*ASSIGNED TASK*: Reproduce only this stretch of the listing below: from the line with "Check the status" through the line with "Hello everyone. In", exactly as written, with pictures excluded.
--------------------------------
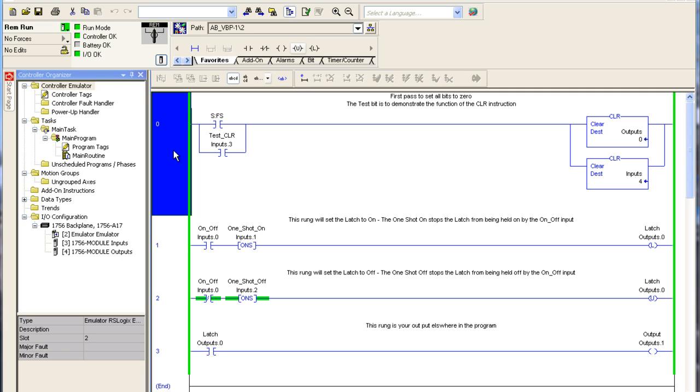So rather than write down the answer to the question, I thought I'd make a short clip on how to do that. Now I've added a clear function at the top of our program just to make sure that the bits are set in the right format when the program starts each time.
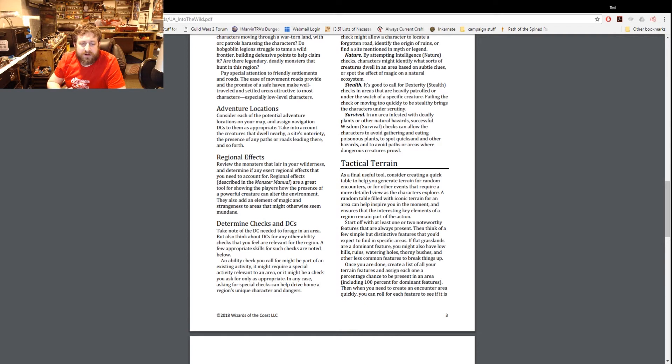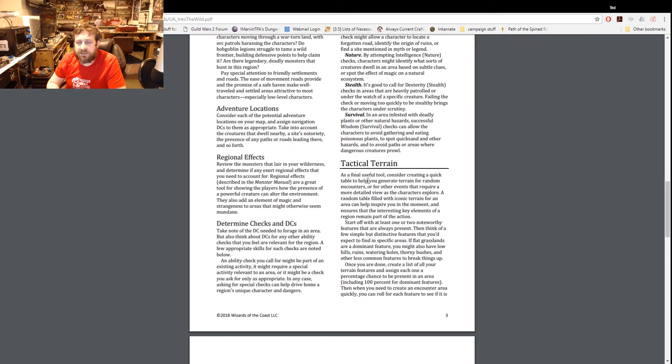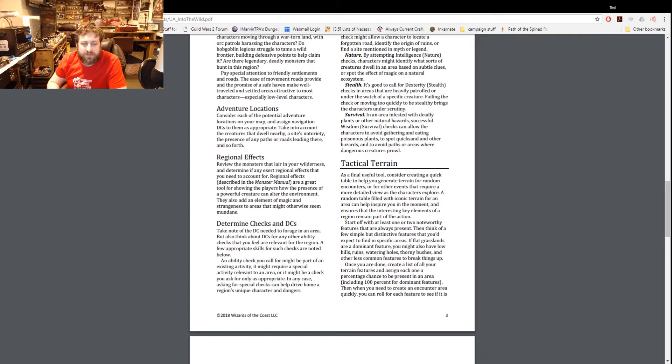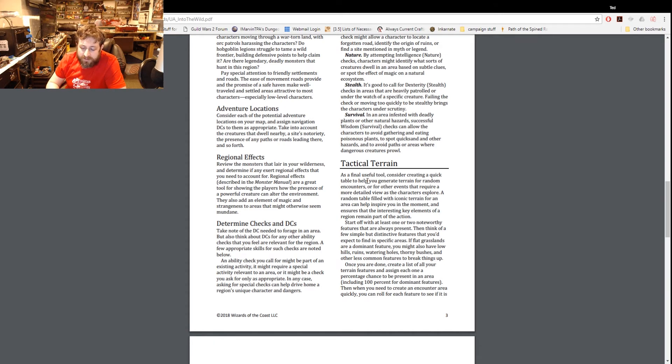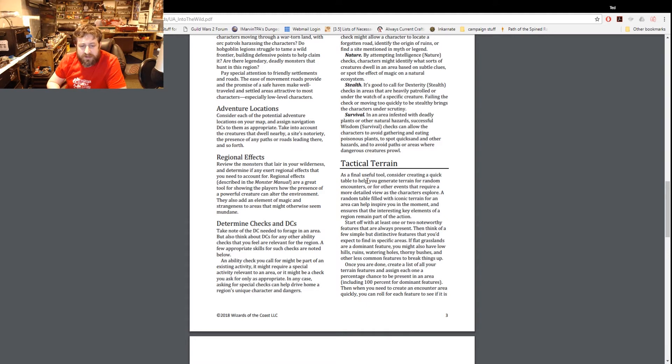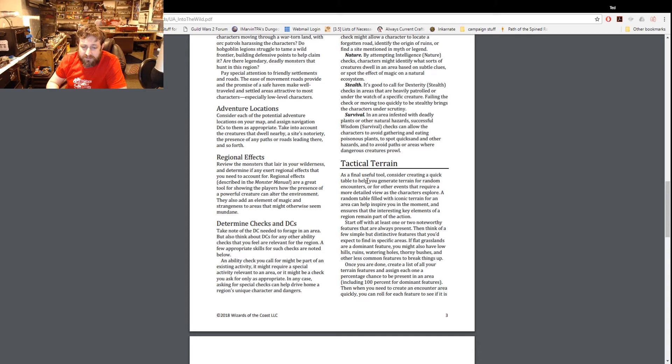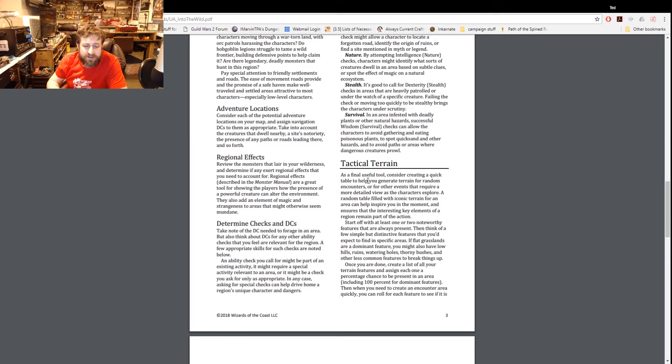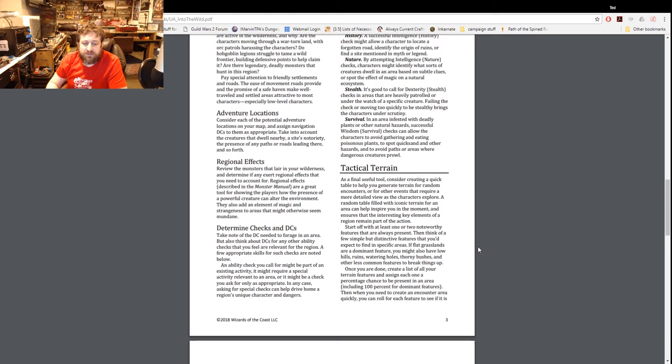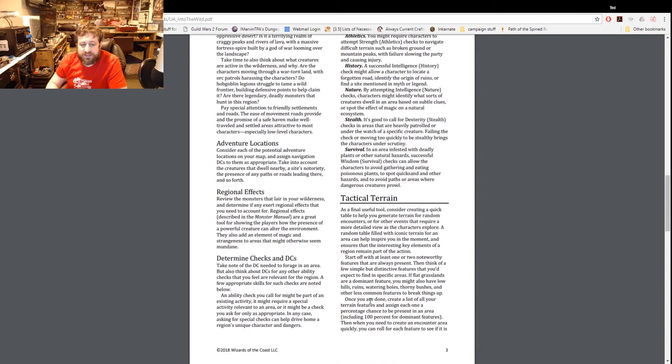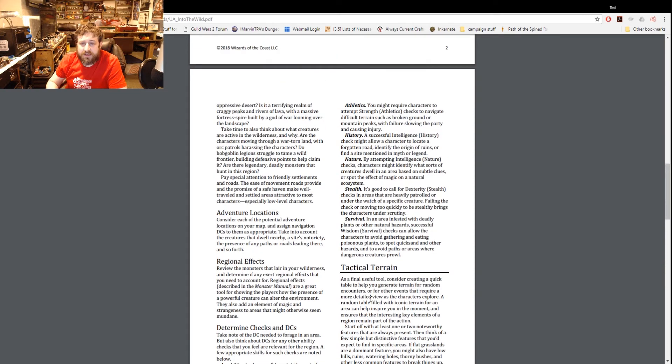Determine checks and DCs - take note of the DCs needed to forage in an area, but also think about DCs for any other ability checks that happen in that region. An ability check you call for might be a part of an existing activity or might be a special activity relevant to this given area. In any case, checking for special checks can help drive home a region's unique character and dangers. It has a couple of lists here - Athletics you might require characters to attempt athletic checks to navigate around difficult terrain or broken ground. History to locate a forgotten road, identify origin of ruins, or find a site that's been abandoned by myth and legend.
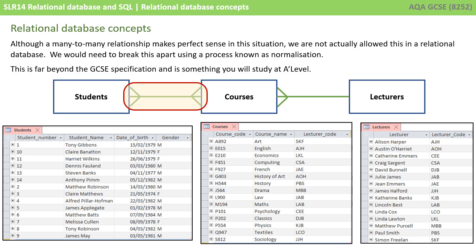Although a many-to-many relationship makes perfect sense — many students can take many courses and many courses are taken by many students — we're not actually allowed this in a relational database. We would need to break this many-to-many relationship apart using a process known as database normalisation. This is far beyond the GCSE specification, but it's definitely something you'll be studying at A-level.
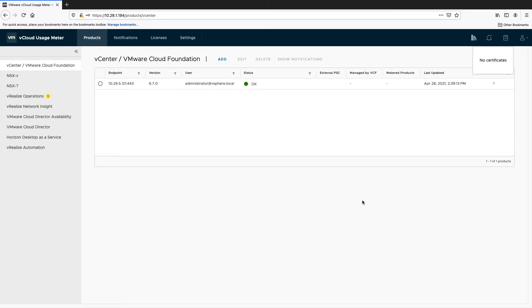Check the status of the connection. If the connection status is OK, then the metering will start. The vCenter server that we have just added is registered in NSX Manager and will be later used when adding NSX-v for metering.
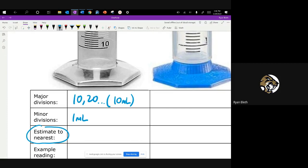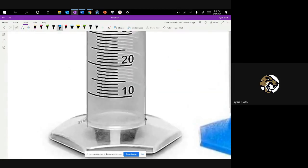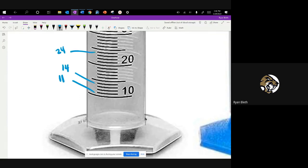So we want to estimate to the nearest 0.1 milliliter. On our device, since there are lines here — if I were to zoom in really closely, I would recognize that this line is 11 milliliters, this line is 14 milliliters, this line up here is 24 milliliters, et cetera. Between the different divisions given there, we can estimate one place further than that.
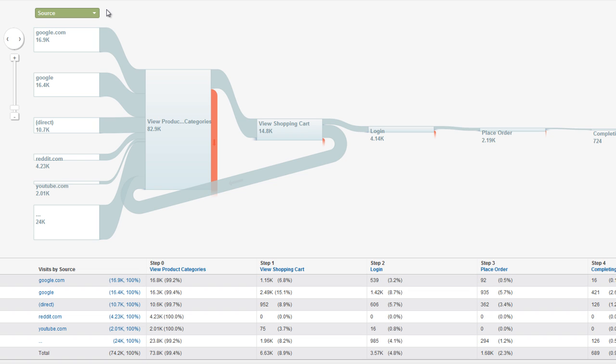With the GoalFlow visualization, you can easily see the top 5 browsers that visitors use to reach a goal, and the conversion rate for each browser.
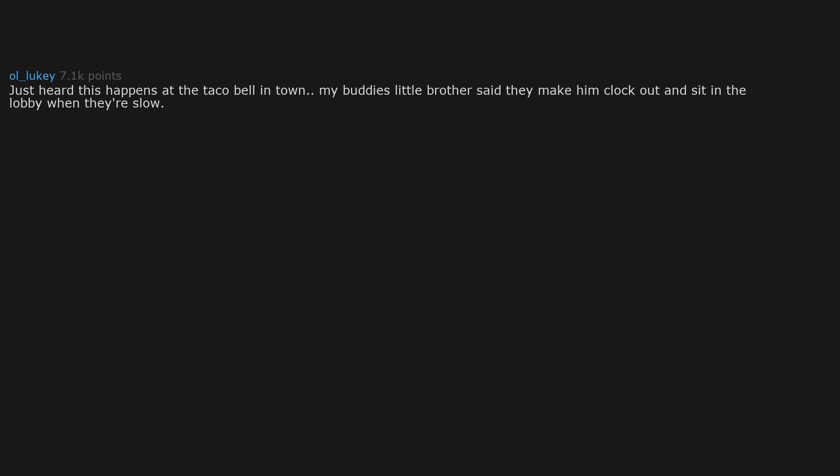My buddy's little brother said they make him clock out and sit in the lobby when they're slow. Absolute crap and he's too young to know better.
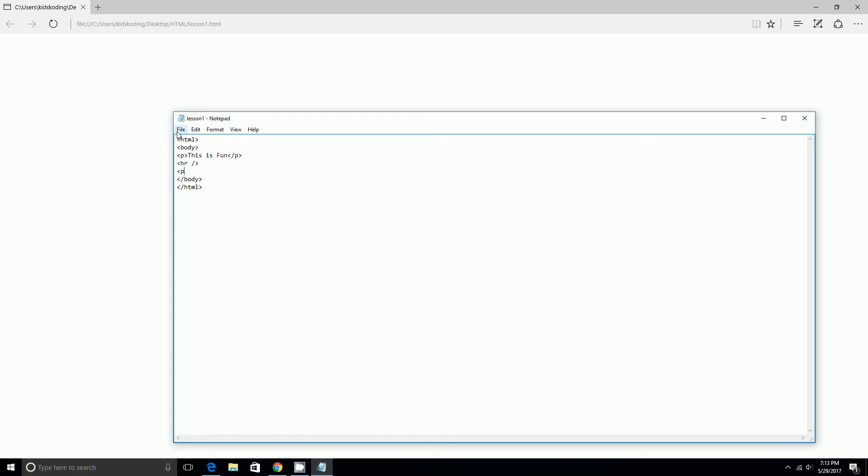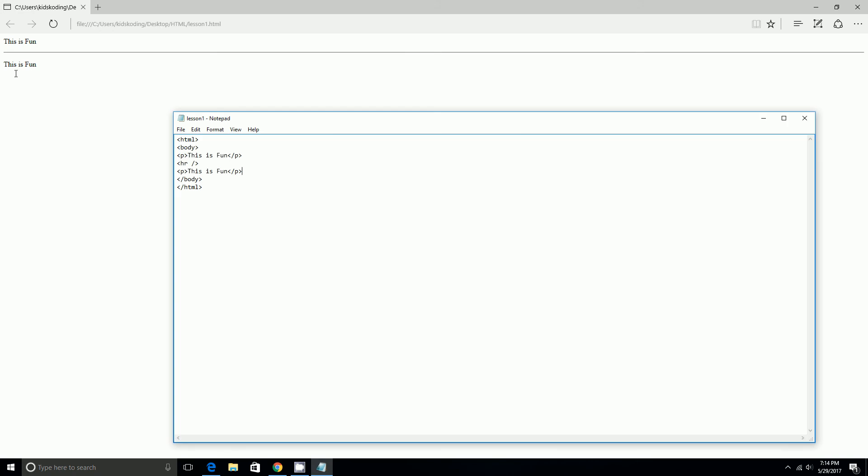And then p, again, this is fun. So, once we do that, once we reload the page, this is fun. And this is our horizontal row, which we set as hr right here.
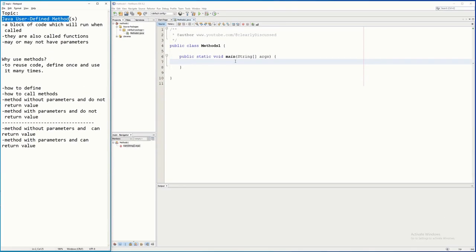Hello everyone. In this tutorial video I will be talking about Java user-defined methods. Basically, these are blocks of code which will run when called — so you have to call this user-defined method and it will execute all the codes inside that method.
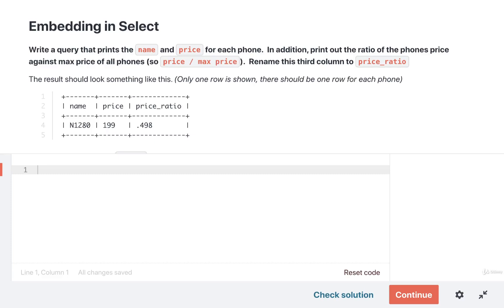Alright, let's take a look at a quick solution here. Without a doubt, we know that we want to get three different columns: our name column, price column, and then the ratio column where we calculate the ratio between a phone's price and the max price. Don't forget we also want to rename that third column to be called price_ratio.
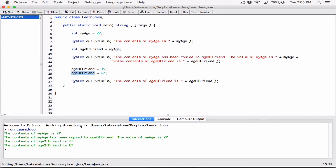So in this video, I want you to know: first, variables can store one value. When you set the content of a variable with a new value, the new value kicks out the old value and becomes what's stored in that variable. Second, when you store the content of one variable into another variable, what's stored in the original is not changed — you're only making a copy and storing it in the second variable.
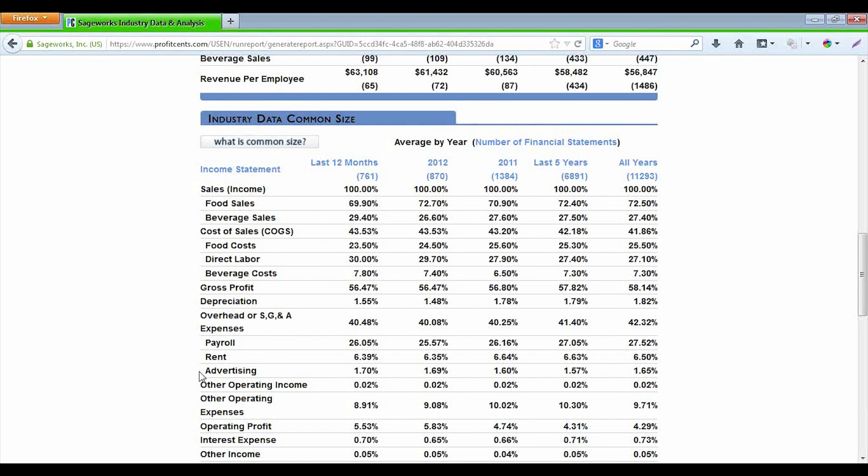On the income statement, every account on a common size financial statement is shown as a percentage of sales. Everything on the income statement is a percentage of sales, or shown in relation to sales.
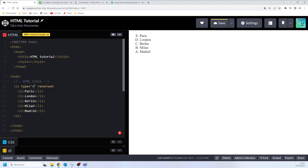That's basically the ordered list and the different attributes you can use to play around with it — the type attribute, the start attribute, the reversed attribute, and all. If you have any question about that, feel free to write in the comment section. Don't forget to like and subscribe to this YouTube channel. Let's meet in the next one.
--------------------------------
*EXERCISE SOLUTION*:
Check the status of the connection. If the connection status is OK, then the metering will start. The vCenter server that we have just added is registered in NSX Manager and will be later used when adding NSX-v for metering.
So we want to estimate to the nearest 0.1 milliliter. On our device, since there are lines here — if I were to zoom in really closely, I would recognize that this line is 11 milliliters, this line is 14 milliliters, this line up here is 24 milliliters, et cetera. Between the different divisions given there, we can estimate one place further than that.
With the GoalFlow visualization, you can easily see the top 5 browsers that visitors use to reach a goal, and the conversion rate for each browser.
My buddy's little brother said they make him clock out and sit in the lobby when they're slow. Absolute crap and he's too young to know better.
And then p, again, this is fun. So, once we do that, once we reload the page, this is fun. And this is our horizontal row, which we set as hr right here.
Hello everyone. In this tutorial video I will be talking about Java user-defined methods. Basically, these are blocks of code which will run when called — so you have to call this user-defined method and it will execute all the codes inside that method.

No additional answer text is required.